**Raw data:**
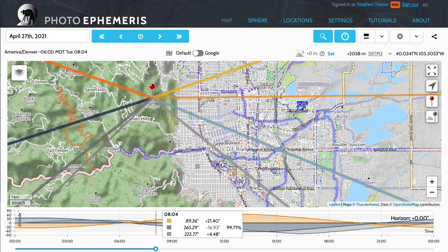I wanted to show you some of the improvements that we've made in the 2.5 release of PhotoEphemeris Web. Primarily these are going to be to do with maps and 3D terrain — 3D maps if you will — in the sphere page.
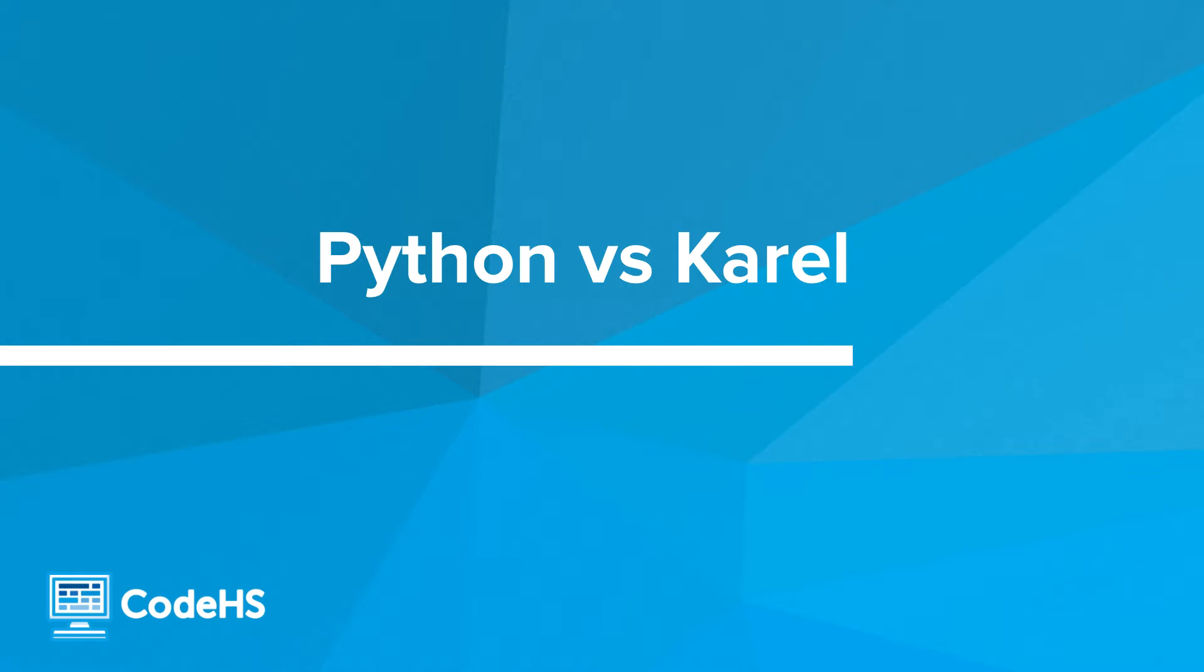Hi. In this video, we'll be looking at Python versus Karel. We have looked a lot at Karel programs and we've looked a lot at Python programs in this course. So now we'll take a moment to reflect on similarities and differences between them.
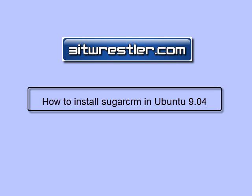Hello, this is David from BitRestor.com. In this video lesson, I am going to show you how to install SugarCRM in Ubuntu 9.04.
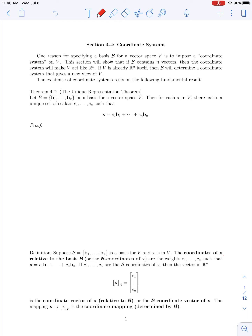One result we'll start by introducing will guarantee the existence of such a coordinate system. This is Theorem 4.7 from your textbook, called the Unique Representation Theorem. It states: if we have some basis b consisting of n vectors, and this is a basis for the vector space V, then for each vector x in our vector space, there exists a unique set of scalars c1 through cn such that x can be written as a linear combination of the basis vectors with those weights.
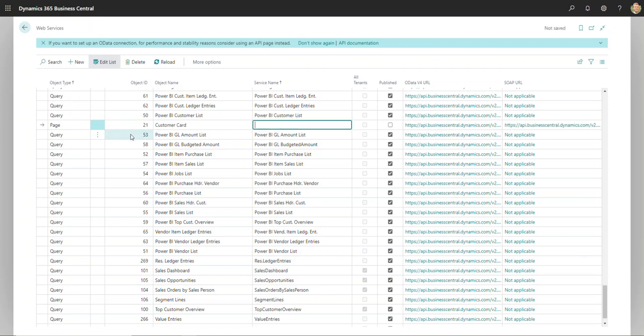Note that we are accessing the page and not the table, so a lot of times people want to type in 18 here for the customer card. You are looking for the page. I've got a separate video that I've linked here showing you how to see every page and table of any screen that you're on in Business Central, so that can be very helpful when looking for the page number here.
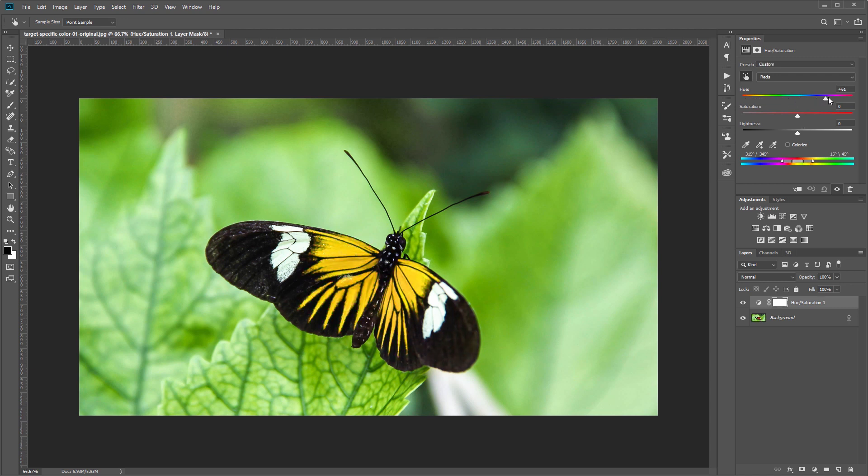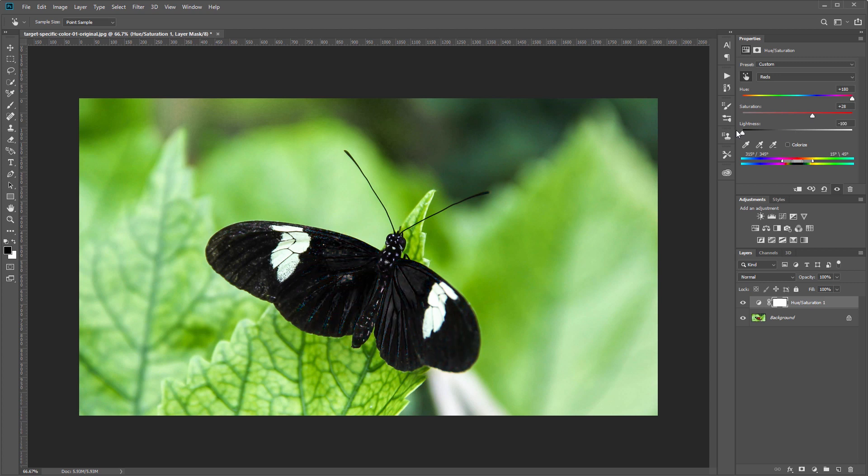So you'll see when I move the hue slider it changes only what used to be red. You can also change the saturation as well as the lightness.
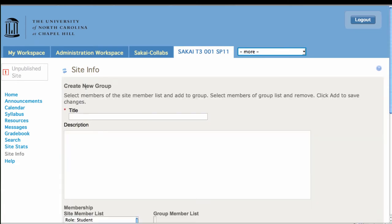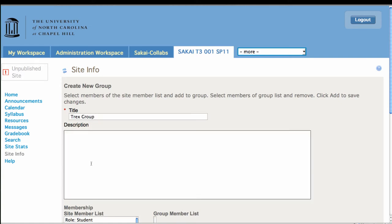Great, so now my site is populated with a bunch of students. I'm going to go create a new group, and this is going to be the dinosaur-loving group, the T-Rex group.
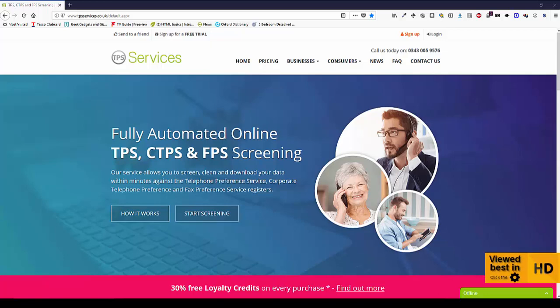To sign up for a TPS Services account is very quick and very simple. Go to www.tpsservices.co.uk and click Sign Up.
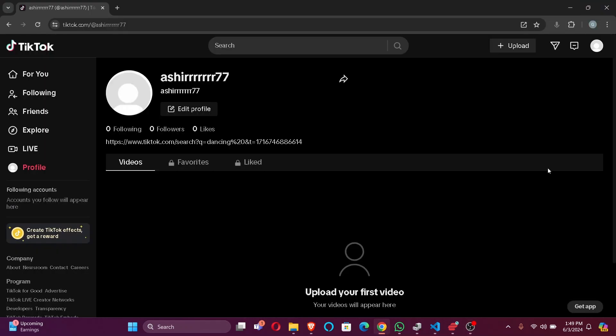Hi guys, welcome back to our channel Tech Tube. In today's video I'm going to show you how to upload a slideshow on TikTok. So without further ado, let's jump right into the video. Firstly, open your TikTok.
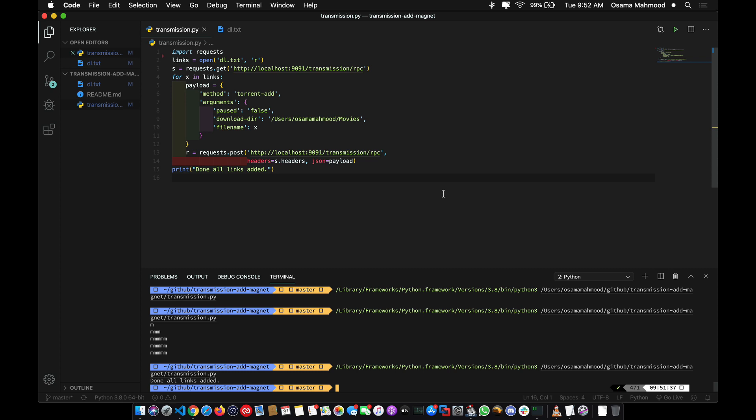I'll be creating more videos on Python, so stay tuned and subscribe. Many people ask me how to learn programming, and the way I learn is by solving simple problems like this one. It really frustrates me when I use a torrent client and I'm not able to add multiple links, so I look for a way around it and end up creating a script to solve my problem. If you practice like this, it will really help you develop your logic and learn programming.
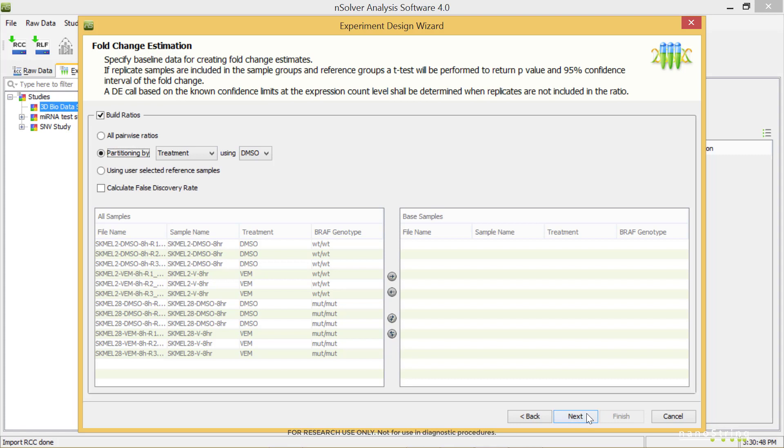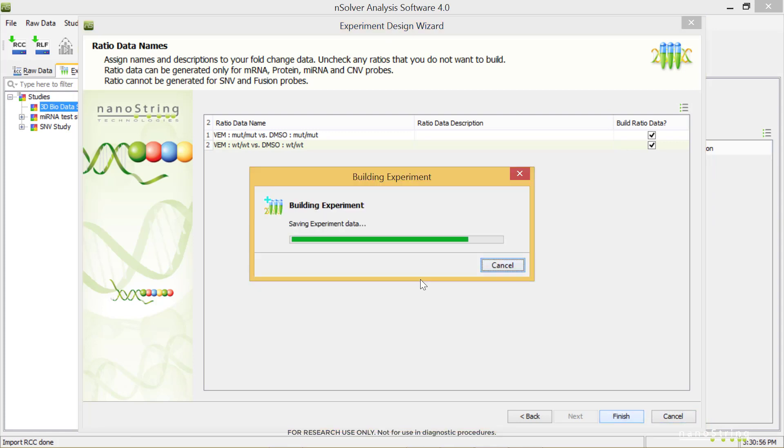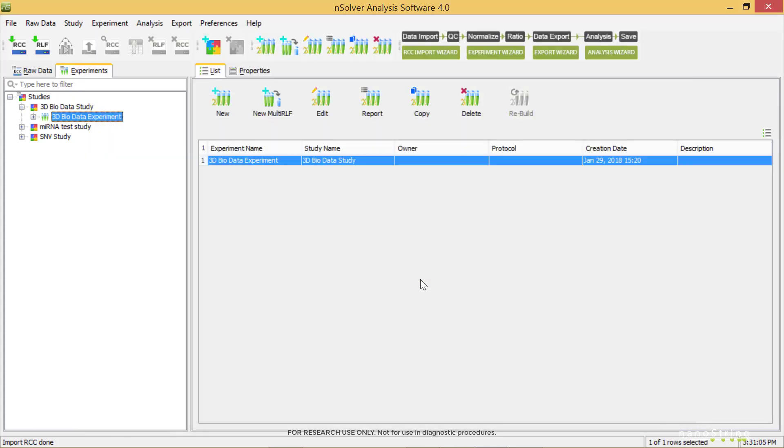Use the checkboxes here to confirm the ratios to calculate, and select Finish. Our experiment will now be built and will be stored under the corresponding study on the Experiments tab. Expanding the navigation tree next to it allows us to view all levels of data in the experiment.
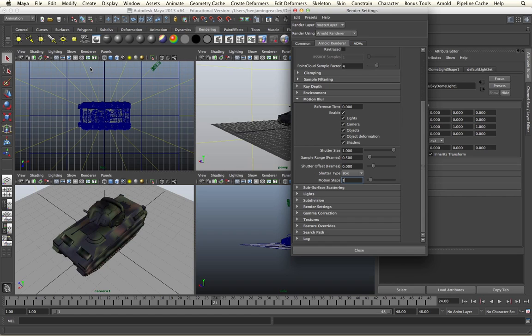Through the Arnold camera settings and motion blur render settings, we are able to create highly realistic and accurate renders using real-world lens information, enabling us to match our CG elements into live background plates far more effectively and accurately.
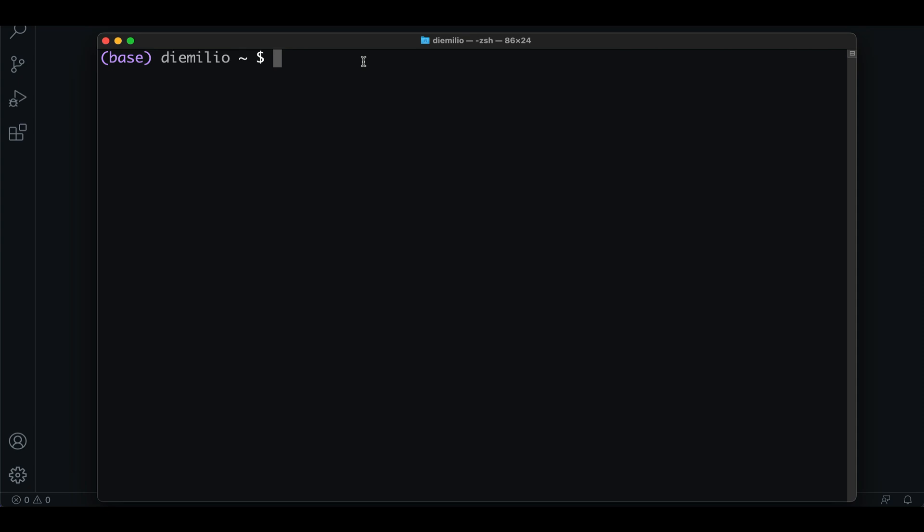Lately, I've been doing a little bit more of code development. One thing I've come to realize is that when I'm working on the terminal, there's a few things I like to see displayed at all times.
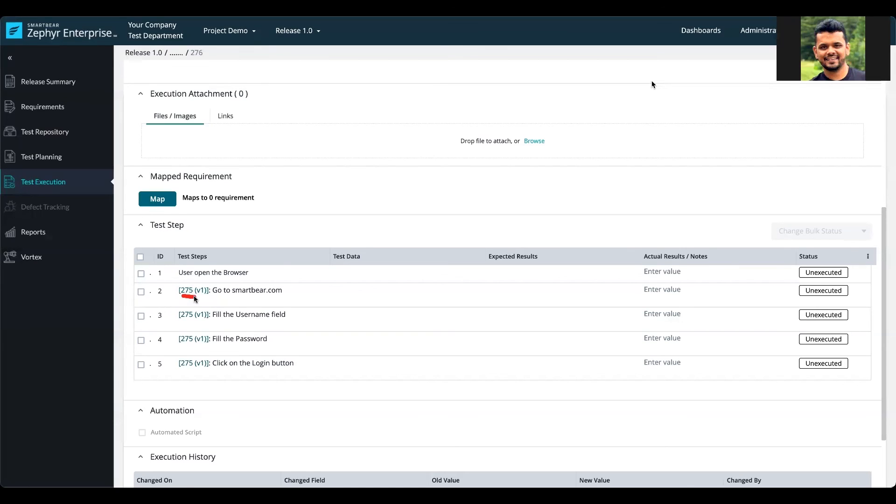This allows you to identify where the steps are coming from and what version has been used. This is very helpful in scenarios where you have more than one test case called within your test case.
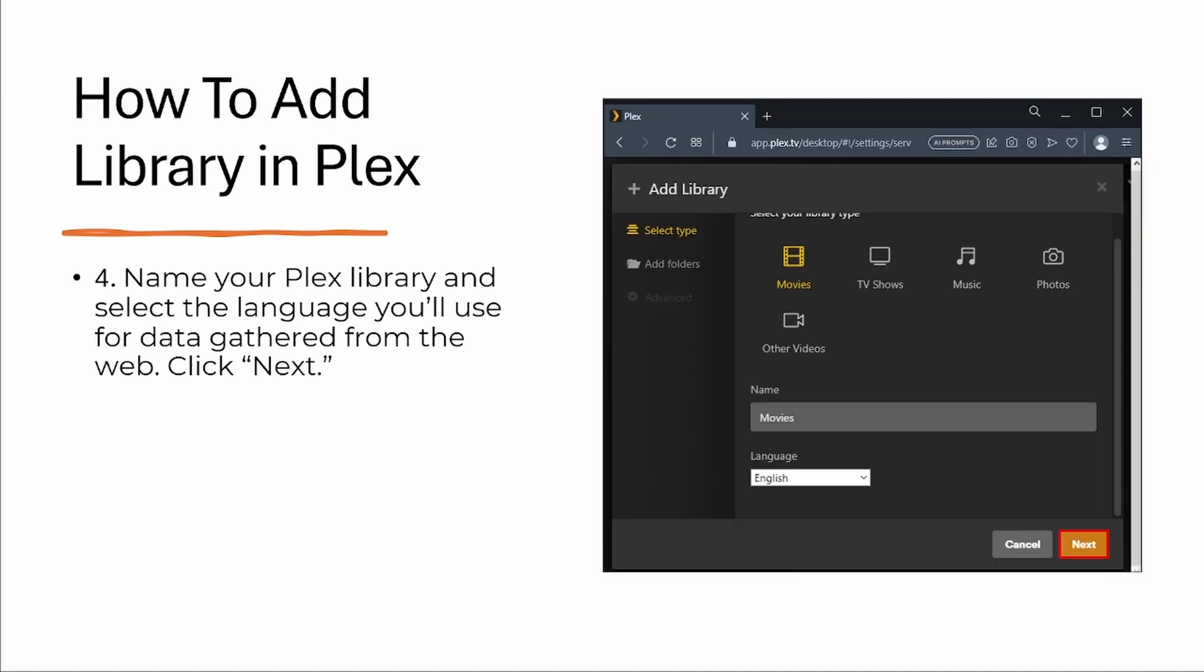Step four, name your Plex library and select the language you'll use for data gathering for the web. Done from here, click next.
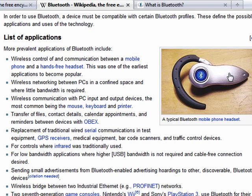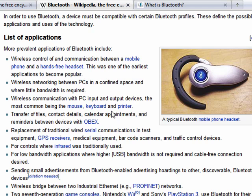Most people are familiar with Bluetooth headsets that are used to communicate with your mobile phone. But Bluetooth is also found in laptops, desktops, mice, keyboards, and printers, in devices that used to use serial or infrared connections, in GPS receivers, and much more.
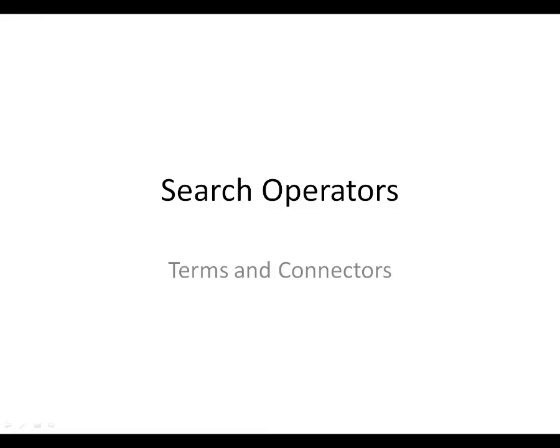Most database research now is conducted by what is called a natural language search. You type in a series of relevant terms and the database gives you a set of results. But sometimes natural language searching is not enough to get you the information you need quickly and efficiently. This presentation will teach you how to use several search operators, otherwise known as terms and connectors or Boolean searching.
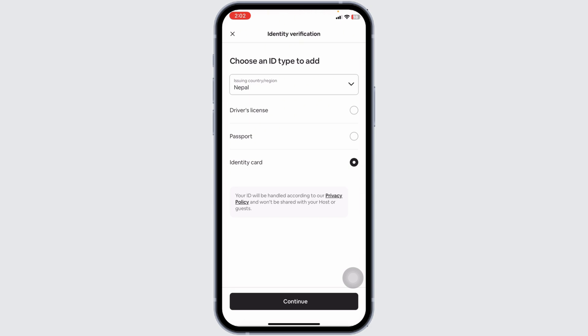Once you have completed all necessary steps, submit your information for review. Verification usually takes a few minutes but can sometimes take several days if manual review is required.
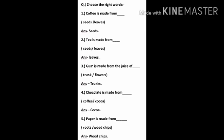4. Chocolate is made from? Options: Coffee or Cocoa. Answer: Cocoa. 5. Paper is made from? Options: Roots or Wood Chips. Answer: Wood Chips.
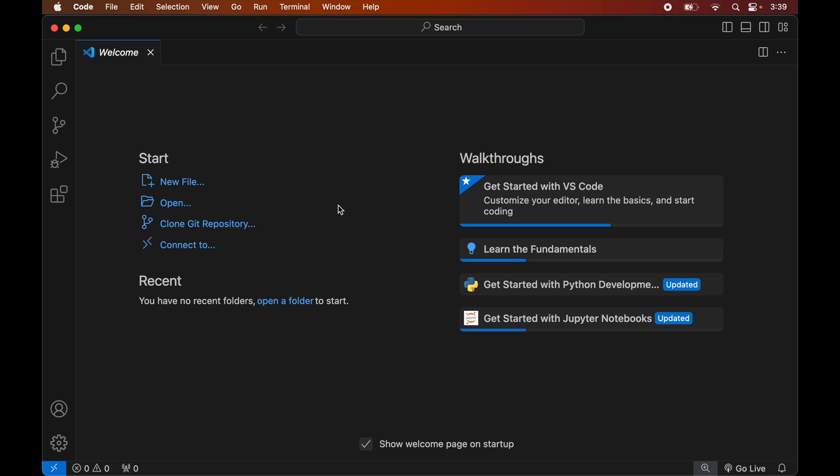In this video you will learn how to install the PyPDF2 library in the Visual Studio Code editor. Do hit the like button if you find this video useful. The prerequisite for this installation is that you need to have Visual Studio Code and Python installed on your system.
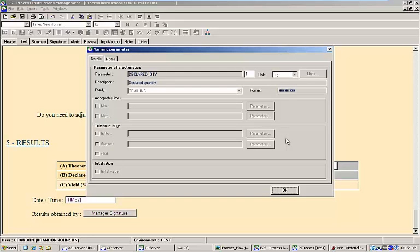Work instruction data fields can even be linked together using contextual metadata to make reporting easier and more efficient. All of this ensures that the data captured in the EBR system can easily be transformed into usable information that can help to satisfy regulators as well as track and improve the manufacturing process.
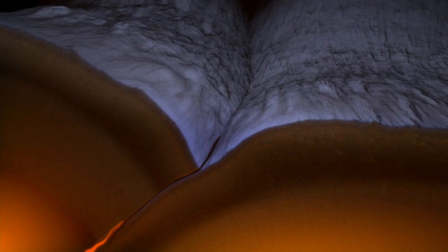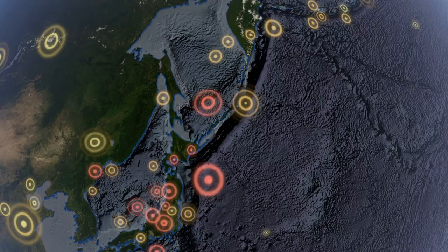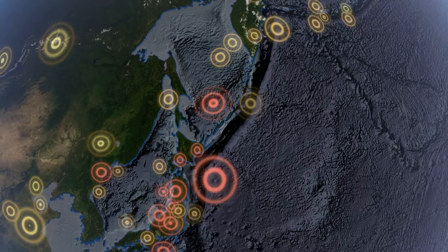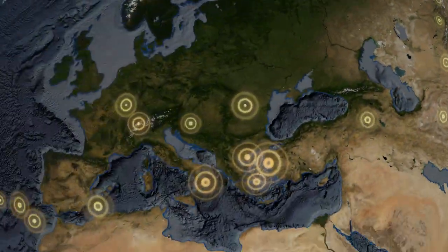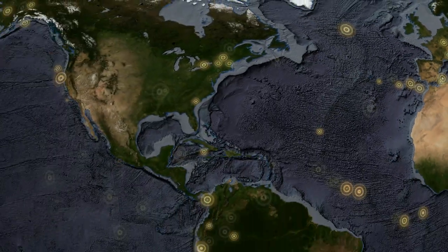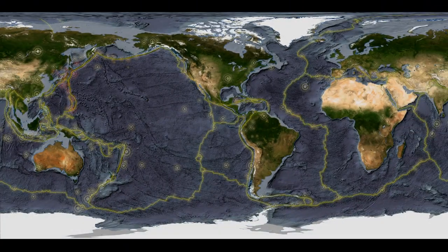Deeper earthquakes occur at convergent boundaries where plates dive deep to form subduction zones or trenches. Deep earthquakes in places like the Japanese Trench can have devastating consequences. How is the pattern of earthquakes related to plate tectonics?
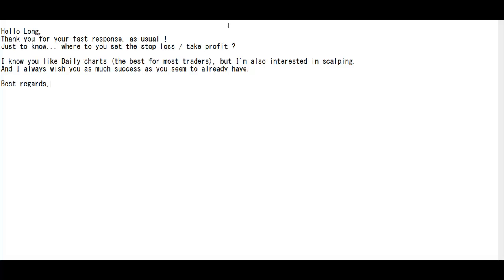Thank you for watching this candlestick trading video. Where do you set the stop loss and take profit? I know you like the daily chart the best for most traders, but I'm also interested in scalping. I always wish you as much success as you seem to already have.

**Exercise brief:**
Exact output of each line above is wanted, without the pictures.

**Answer to this problem:**
I wanted to show you some of the improvements that we've made in the 2.5 release of PhotoEphemeris Web. Primarily these are going to be to do with maps and 3D terrain — 3D maps if you will — in the sphere page.
Hi. In this video, we'll be looking at Python versus Karel. We have looked a lot at Karel programs and we've looked a lot at Python programs in this course. So now we'll take a moment to reflect on similarities and differences between them.
Hello, this is David from BitRestor.com. In this video lesson, I am going to show you how to install SugarCRM in Ubuntu 9.04.
One result we'll start by introducing will guarantee the existence of such a coordinate system. This is Theorem 4.7 from your textbook, called the Unique Representation Theorem. It states: if we have some basis b consisting of n vectors, and this is a basis for the vector space V, then for each vector x in our vector space, there exists a unique set of scalars c1 through cn such that x can be written as a linear combination of the basis vectors with those weights.
Note that we are accessing the page and not the table, so a lot of times people want to type in 18 here for the customer card. You are looking for the page. I've got a separate video that I've linked here showing you how to see every page and table of any screen that you're on in Business Central, so that can be very helpful when looking for the page number here.
So you'll see when I move the hue slider it changes only what used to be red. You can also change the saturation as well as the lightness.
Great, so now my site is populated with a bunch of students. I'm going to go create a new group, and this is going to be the dinosaur-loving group, the T-Rex group.
To sign up for a TPS Services account is very quick and very simple. Go to www.tpsservices.co.uk and click Sign Up.
Hi guys, welcome back to our channel Tech Tube. In today's video I'm going to show you how to upload a slideshow on TikTok. So without further ado, let's jump right into the video. Firstly, open your TikTok.
I'll be creating more videos on Python, so stay tuned and subscribe. Many people ask me how to learn programming, and the way I learn is by solving simple problems like this one. It really frustrates me when I use a torrent client and I'm not able to add multiple links, so I look for a way around it and end up creating a script to solve my problem. If you practice like this, it will really help you develop your logic and learn programming.
Use the checkboxes here to confirm the ratios to calculate, and select Finish. Our experiment will now be built and will be stored under the corresponding study on the Experiments tab. Expanding the navigation tree next to it allows us to view all levels of data in the experiment.
Through the Arnold camera settings and motion blur render settings, we are able to create highly realistic and accurate renders using real-world lens information, enabling us to match our CG elements into live background plates far more effectively and accurately.
Lately, I've been doing a little bit more of code development. One thing I've come to realize is that when I'm working on the terminal, there's a few things I like to see displayed at all times.
This allows you to identify where the steps are coming from and what version has been used. This is very helpful in scenarios where you have more than one test case called within your test case.
Step four, name your Plex library and select the language you'll use for data gathering for the web. Done from here, click next.
Most people are familiar with Bluetooth headsets that are used to communicate with your mobile phone. But Bluetooth is also found in laptops, desktops, mice, keyboards, and printers, in devices that used to use serial or infrared connections, in GPS receivers, and much more.
Most database research now is conducted by what is called a natural language search. You type in a series of relevant terms and the database gives you a set of results. But sometimes natural language searching is not enough to get you the information you need quickly and efficiently. This presentation will teach you how to use several search operators, otherwise known as terms and connectors or Boolean searching.
Once you have completed all necessary steps, submit your information for review. Verification usually takes a few minutes but can sometimes take several days if manual review is required.
4. Chocolate is made from? Options: Coffee or Cocoa. Answer: Cocoa. 5. Paper is made from? Options: Roots or Wood Chips. Answer: Wood Chips.
In this video you will learn how to install the PyPDF2 library in the Visual Studio Code editor. Do hit the like button if you find this video useful. The prerequisite for this installation is that you need to have Visual Studio Code and Python installed on your system.
Work instruction data fields can even be linked together using contextual metadata to make reporting easier and more efficient. All of this ensures that the data captured in the EBR system can easily be transformed into usable information that can help to satisfy regulators as well as track and improve the manufacturing process.
Deeper earthquakes occur at convergent boundaries where plates dive deep to form subduction zones or trenches. Deep earthquakes in places like the Japanese Trench can have devastating consequences. How is the pattern of earthquakes related to plate tectonics?
Thank you for watching this candlestick trading video. Where do you set the stop loss and take profit? I know you like the daily chart the best for most traders, but I'm also interested in scalping. I always wish you as much success as you seem to already have.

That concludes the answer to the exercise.